Les exemples foisonnent, et dénotent une confusion des genres. Le politique sert la nation, mais les contacts, les opportunités, le pouvoir ouvrent bien des portes et procurent bien des occasions d’obtenir à bon compte des avantages énormes en termes financiers et de réseaux.

La dynastie Bush et le pétrole :
La dynastie Bush, sous prétexte de sauvegarde de l’intégrité du monde, et après avoir armé Saddam Hussein contre l’Iran, s’est bien vite empressée de le renverser au prétexte des armes de destruction massive cachées partout sur son territoire, photos aériennes à l’appui et rapports des services secrets américains pour justifier le tout. Mais d’une part, quelques mois après les informations se sont révélées fausses et bâties de toutes pièces par les américains, et d’autre part, la présence américaine en Irak permit surtout à la famille Bush, grand nom de l’univers pétrolier aux USA de faire main basse sur les réserves irakiennes, suite à un désaccord sur le prix du pétrole avec l’Arabie Saoudite.

Cette famille en remit d’ailleurs une seconde couche lors de l’intervention Américaine en Afganistan, au prétexte de libérer le peuple et la culture du joug taliban, qu’ils avaient préalablement armés contre les Russes pendant les années 80. Pourquoi ? Tout simplement pour une question de pipe-line et de pétrole.

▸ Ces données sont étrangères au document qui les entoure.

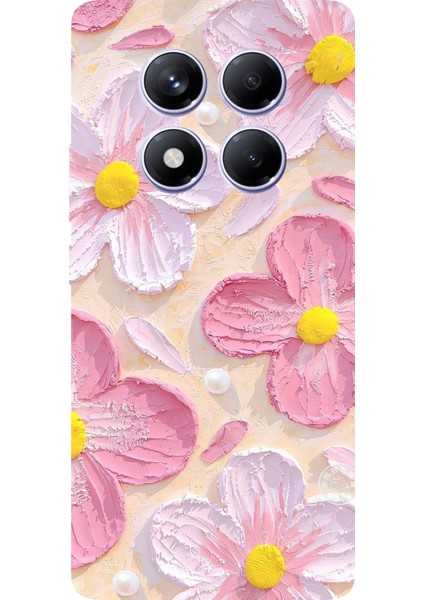 Redmi Note 14 Pro Plus 5g Uyumlu Pembe Beyaz Çiçekler Sulu Boya Baskılı Silikon Kılıf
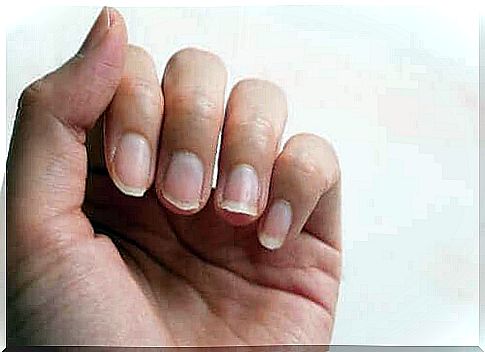 Four natural ingredients for brittle nails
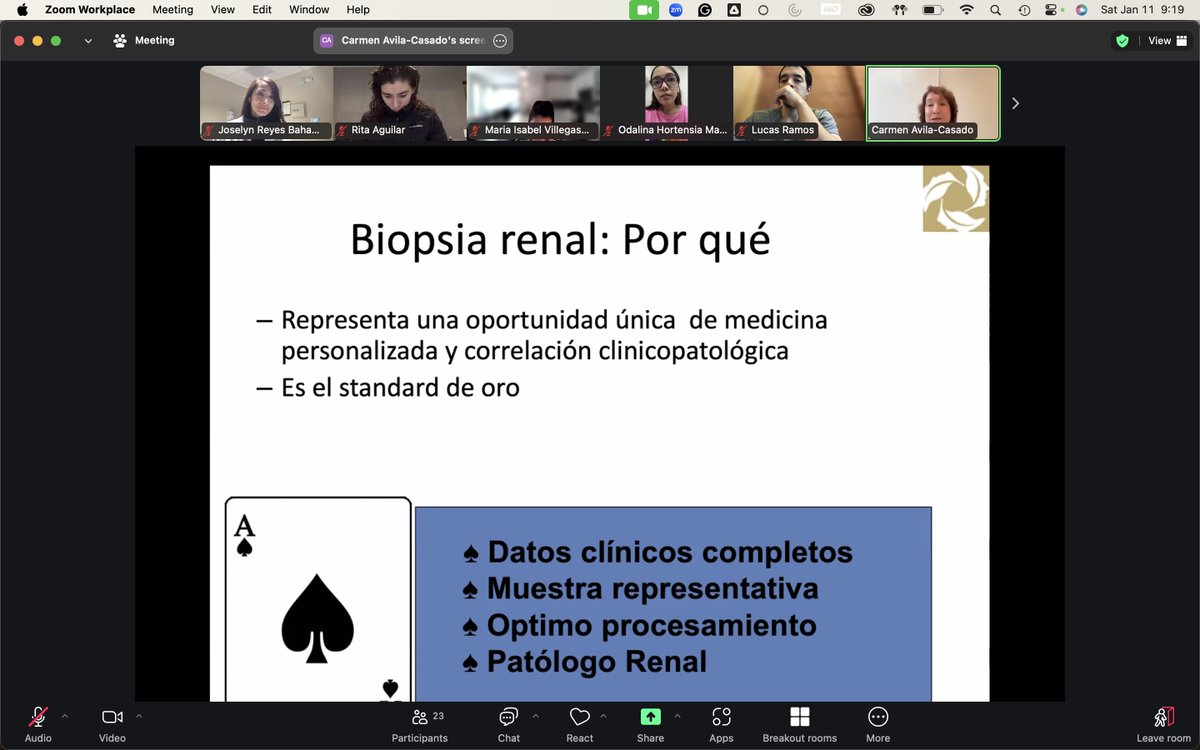 jopelina's tweet photo. Patología Renal BootCamp con @kidneypathology @bmc_nefropato #DraMontero @DraSumire #womeninrenalpathology 🙋🏻♀️👑 Casas #Podocitos #Complemento #Semilunas #Depositos @GlomConILA @GlomCon https://t.co/OUdktef5Ju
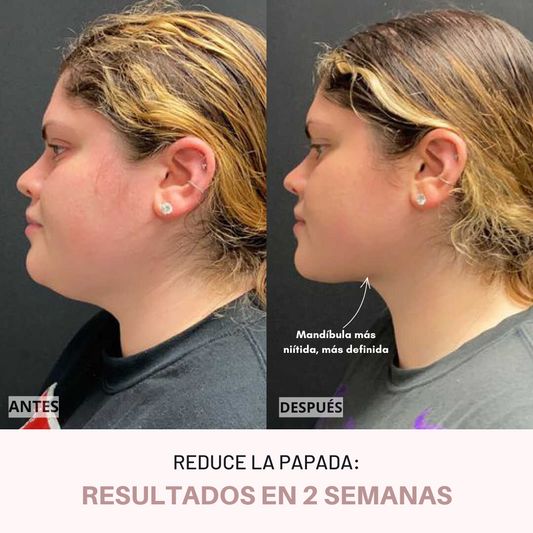 ¡Reductor de papada en tan solo 2 semanas con el dispositivo V-Face!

Les retraites et Sarkozy :
Alors aujourd’hui on se pose la question suivante : Pourquoi le pouvoir s’obstine-t-il à défendre une réforme qui a été démontée par d’éminents spécialistes, dont on a montré à la fois le coût, l’inutilité, l’inexactitude des argumentaires gouvernementaux ? D’autant plus que des solutions existent, qui ne touchent ni l’âge de départ à 60ans, ni à la durée de cotisation, mais vont puiser là où se trouvent les fonds.

Pourquoi tant d’obstination ? Ils se rendent bien compte qu’en commençant vers 28 ans à cotiser, et en ne trouvant plus d’emploi au delà de 55ans, il sera impossible à la plupart des travailleurs d’obtenir une retraite sans décote.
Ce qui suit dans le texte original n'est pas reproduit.